New Guidelines on Carbon Monoxide Poisoning

The first consensus guidelines on how to evaluate, treat, and prevent carbon monoxide poisoning has recently been released and published in the American Journal of Repiratory and Critical Care Medicine.  These guidelines standardize management of carbon monoxide poisoning for clinician, toxicologist, and public health worker, and offer a road map to attorneys prosecuting or defending a carbon monoxide exposure legal action.  You can read more about  these guidelines by obtaining the actual article from the journal.  The citation is Hampson et al, Am J Respir Crit Care Med. 2012, October 18. epub, (ahead of print).  The title of the article is: Practice Recommendation in the Diagnosis, Management, and Prevention of Carbon Monoxide Poisoning.

The toxicity of CO is not solely due to its binding to hemoglobin and thus reducing hemoglobin's oxygen-carrying capacity. CO poisoning causes cellular changes, including immunologic and inflammatory damage. The effects of this damage are long-lasting, independent of hypoxia, and contribute to the morbidity of patients who recover from CO poisoning. The guidelines point out that the diagnosis is often missed in both emergency departments and clinics.  Nonspecific symptoms such as headache, nausea, and fatigue are the rule, so a high degree of suspicion by healthcare providers is warranted. The classic description of "cherry-red" skin is only seen with lethal CO poisoning. CO-oximetry on arterial blood is a more reliable test.

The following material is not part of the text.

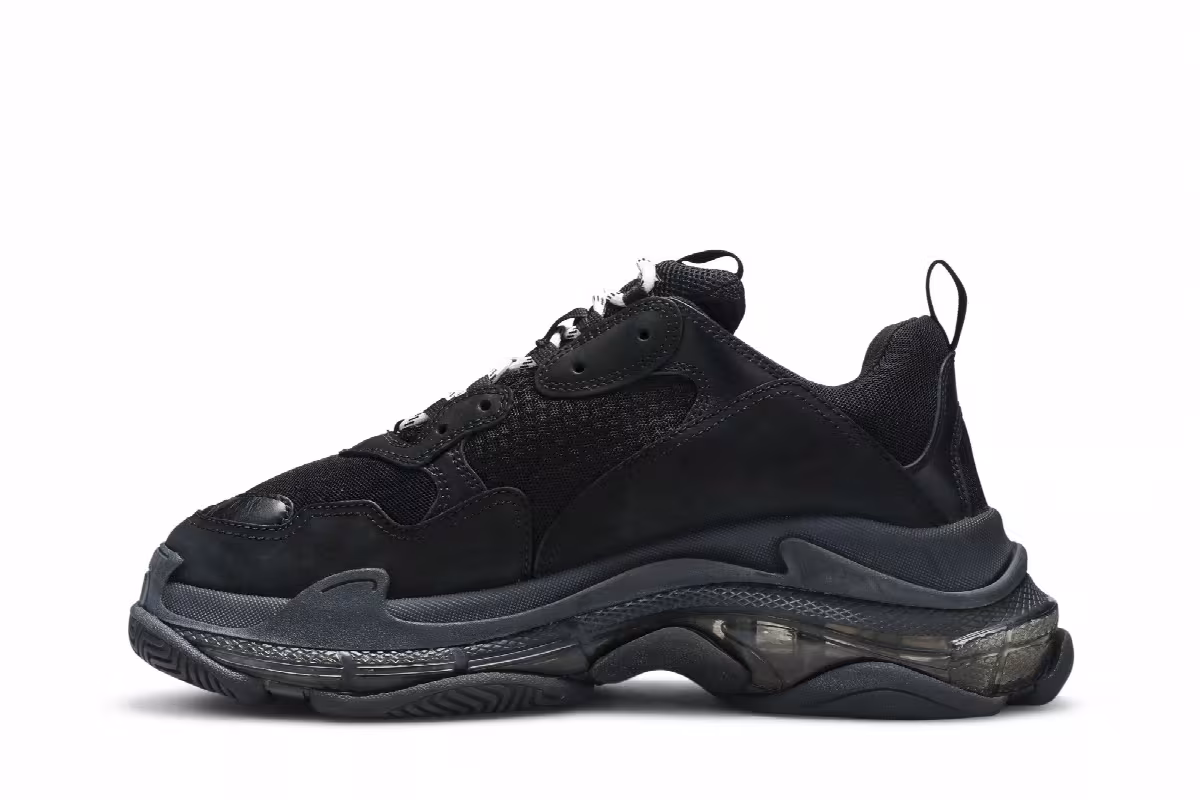 Balenciaga Triple S Sneaker Triple Black 2019, view 4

Oxygen accelerates the elimination of carboxyhemoglobin (COHb) and should be administered at 100% to anyone suspected of CO poisoning while the definitive measurement of the COHb level is being determined. The former practice of adding carbon dioxide to the inspired air to hasten elimination of COHb is no longer recommended. With 100% oxygen breathing, the half-life of COHb is approximately 74 minutes. In theory, the use of high partial pressures of oxygen by hyperbaric chamber should provide better neurologic outcomes, although clinical proof of that concept is lacking. When available, the authors recommend 3 treatments with hyperbaric oxygen in the first 24 hours to avoid late cognitive sequelae, but the optimal dose and frequency of treatments are unknown.

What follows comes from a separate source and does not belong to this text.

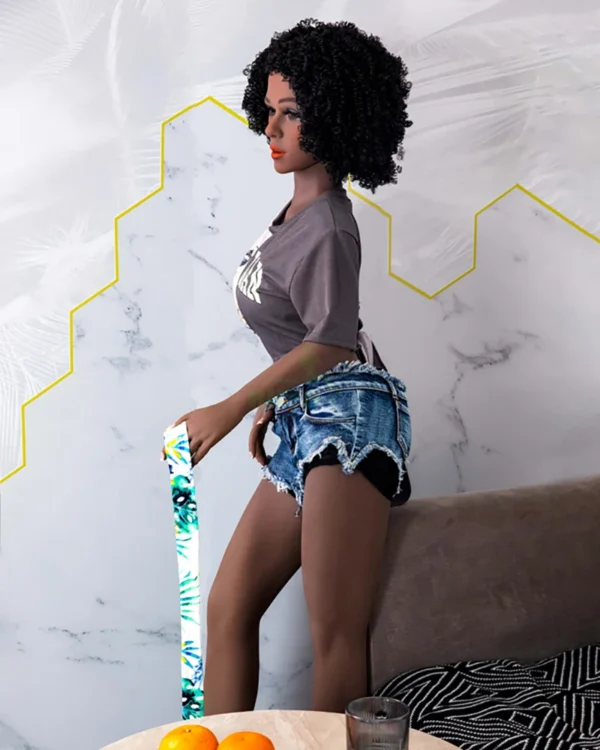 RENHEYUOU black skin sexy woman 158CM full size sex doll can be made silicone head to satisfy male masturbation real girlfriend - Image 2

The late effects of neurologic damage are a particular concern and can occur with relatively mild CO poisoning and in children as well as adults. The risk for these was substantially reduced in the only objective study of the use of hyperbaric oxygen. As hyperbaric chambers are not available in most hospitals, the risks of moving patients to another facility must be considered. Similar considerations apply when, as is often the case, CO poisoned patients have complicating factors such as burns or pregnancy. If poisoning is due to attempted suicide, the presence of drugs and substances of abuse should be considered. Metabolic acidosis and cyanide poisoning are complications of house fires, for which empiric treatment with hydroxocobalamin may be considered.

Follow-up care should consider the possibility of adverse sequelae months or years later, including memory disturbance, mood changes, and vestibular and motor problems. Survivors have been reported to be more likely to experience problems such as falls, motor vehicle accidents, and increased mortality.


Carbon monoxide is well known to be a poisonous gas by the public, yet 50,000 fatalities due to CO poisoning occur each year, and that number is not declining. Indeed, it is one of the commonest poisoning fatalities in both children and adults and, in adults, is commoner than heroin fatalities. Only about half of all CO fatalities are accidental, many being due to suicide. Although important advances in its prevention and management have occurred in the last decade, the only authoritative consensus guidelines are more than a decade old and were published in a specialty journal. The present review by 4 experts in the field is therefore timely.

Two issues seem of particular importance. Early diagnosis leads to early institution of appropriate therapy, and the key to early diagnosis is awareness and a high degree of suspicion on the part of healthcare providers. The presenting symptoms, being vague, call for more frequent blood analysis. Secondly, death is very uncommon in CO poisoned patients who arrive at an emergency facility. This fact leads to 2 conclusions: delay in the recognition and response to CO poisoning causes the fatalities. But for those patients who do arrive at an emergency department, the avoidance of late neurologic problems should be a goal.

In prevention, the importance of awareness programs and more widespread employment of CO alarms are stressed. Additionally, CO poisoning can occur in unexpected places such as ice rinks.